Now, we know that \mathbf{Z} is a Poisson random variable with mean $ \lambda+\mu $ .
$ \therefore p_{\mathbf{Z}}(k)=\frac{e^{-\left(\lambda+\mu\right)}\left(\lambda+\mu\right)^{k}}{k!}. $
(b)
Show that the conditional pmf of $ \mathbf{X} $ conditioned on the event $ \left\{ \mathbf{Z}=n\right\} $ is binomially distributed, and determine the parameters of binomial distribution ($ n $ and $ p $ ).
$ P_{\mathbf{X}}\left(\mathbf{X}|\left\{ \mathbf{Z}=n\right\} \right)=P\left(\left\{ \mathbf{X}=k\right\} |\left\{ \mathbf{Z}=n\right\} \right)=\frac{P\left(\left\{ \mathbf{X}=k\right\} \cap\left\{ \mathbf{Z}=n\right\} \right)}{P\left(\left\{ \mathbf{Z}=n\right\} \right)}=\frac{P\left(\left\{ \mathbf{X}=k\right\} \cap\left\{ \mathbf{Y}=n-k\right\} \right)}{P\left(\left\{ \mathbf{Z}=n\right\} \right)} $$ =\frac{\frac{e^{-\lambda}\lambda^{k}}{k!}\cdot\frac{e^{-\mu}\mu^{n-k}}{\left(n-k\right)!}}{\frac{e^{-\left(\lambda+\mu\right)}\left(\lambda+\mu\right)^{n}}{n!}}=\left(\frac{n!}{k!\left(n-k\right)!}\right)\left(\frac{\lambda}{\lambda+\mu}\right)^{k}\left(\frac{\mu}{\lambda+\mu}\right)^{n-k} $$ =\left(\begin{array}{c} n\\ k \end{array}\right)\left(\frac{\lambda}{\lambda+\mu}\right)^{k}\left(\frac{\mu}{\lambda+\mu}\right)^{n-k}\;,\; k=0,\,1,\,2,\,\cdots $
This is a binomial pmf $ b(n,p) $ with parameters $ n $ and $ p=\frac{\lambda}{\lambda+\mu} $ .

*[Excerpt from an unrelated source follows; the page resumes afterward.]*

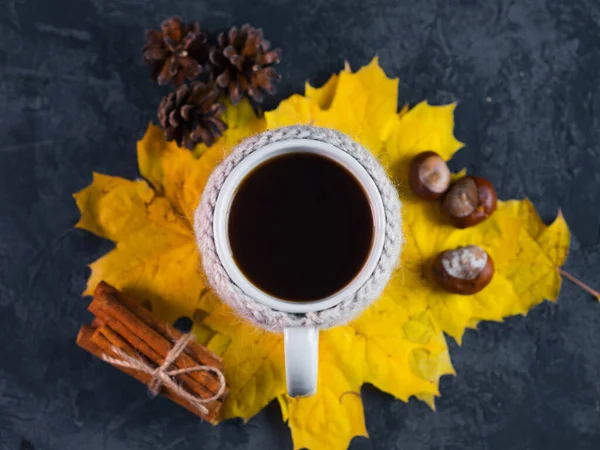 Top View Cup Autumn Hot Freshly Brewed Coffee Table Yellow — Stock Photo, Image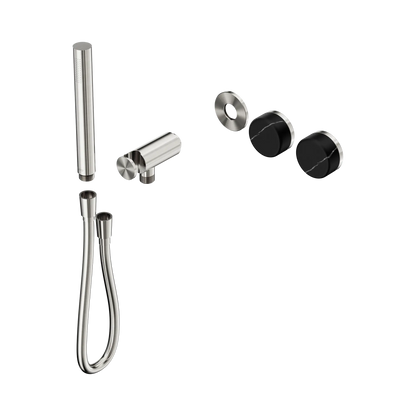 Serenity Progressive Shower System With Marquina Black Handle And Slim Shower Trim Kit Only Brushed Nickel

Example. Addition of two independent Gaussian random variables
$ \mathbf{X}\sim\mathcal{N}\left(0,\sigma_{\mathbf{X}}^{2}\right),\;\mathbf{N}\sim\mathcal{N}\left(0,\sigma_{\mathbf{N}}^{2}\right),\;\mathbf{Y}=\mathbf{X}+\mathbf{N}. $
(a)
Correlation coefficient between $ \mathbf{X} $ and $ \mathbf{Y} $ .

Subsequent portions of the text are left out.